Ekonom Core Indonesia, Yusuf Rendy Manilet, menilai bahwa kebijakan ini meski positif dalam mendukung industri tekstil dan produk tekstil (TPT) nasional, belum tentu memberikan dampak signifikan dalam waktu dekat. Menurutnya, setiap kebijakan ekonomi membutuhkan waktu untuk menunjukkan hasil yang nyata.
“Kalau kita bicara jangka pendek, kebijakan ini tidak serta merta langsung mendorong industri TPT berkinerja baik. Pemerintah butuh periode waktu hingga efeknya dapat terlihat,” ujar Yusuf dalam program Beritasatu Utama.

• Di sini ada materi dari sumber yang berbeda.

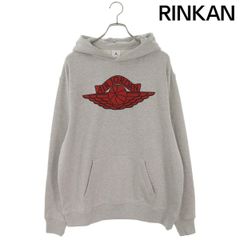 NIKE AIR JORDAN×SAINT MICHAEL HOODIE - メルカリ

Ia menambahkan bahwa efektivitas pelarangan impor pakaian bekas juga masih diragukan karena produk-produk thrifting masih banyak beredar di pasaran. Fenomena tersebut menunjukkan bahwa permintaan masyarakat terhadap barang bekas impor belum menurun meski aturan sudah diberlakukan.
“Dugaan kami, barang-barang itu masih beredar luas di pasar. Selama masih tersedia, maka permintaan terhadap produk thrift juga akan tetap ada,” ungkapnya.
Lebih jauh, Yusuf menyebut bahwa langkah pemerintah memang menunjukkan keseriusan dalam memutus mata rantai impor pakaian bekas ilegal. Namun, selama tidak ada penyitaan atau penertiban langsung terhadap produk yang sudah beredar, maka kegiatan jual beli barang thrift akan tetap berlangsung.
“Apalagi disebutkan, pemerintah belum berencana menyita produk-produk tersebut. Artinya, masyarakat masih bisa memperjualbelikannya secara bebas,” jelasnya.
Menurut Yusuf, kondisi ekonomi masyarakat menjadi faktor penting yang membuat pasar thrifting tetap bertahan. Harga produk yang jauh lebih murah dibanding pakaian baru membuatnya tetap diminati, terutama oleh kelompok konsumen dengan daya beli rendah.
“Dalam situasi ekonomi seperti sekarang, masyarakat tentu akan mencari alternatif belanja yang lebih terjangkau. Itu sebabnya produk thrift masih sangat diminati,” katanya.
Yusuf juga menekankan bahwa untuk benar-benar memperkuat industri TPT dalam negeri, pemerintah perlu melengkapi kebijakan larangan impor dengan strategi lain seperti mendorong daya saing harga, peningkatan kualitas produk lokal, hingga memperluas akses pasar bagi industri tekstil kecil dan menengah.
Dengan demikian, larangan impor pakaian bekas bukan hanya menjadi instrumen penegakan hukum, tetapi juga bagian dari ekosistem pembangunan industri yang lebih komprehensif.
Namun, di tengah populernya thrifting sebagai tren gaya hidup dan kebutuhan ekonomi masyarakat, banyak pihak memprediksi larangan ini akan sulit dihapus atau dijalankan secara penuh dalam waktu dekat, kecuali disertai solusi alternatif yang realistis bagi konsumen dan pelaku usaha.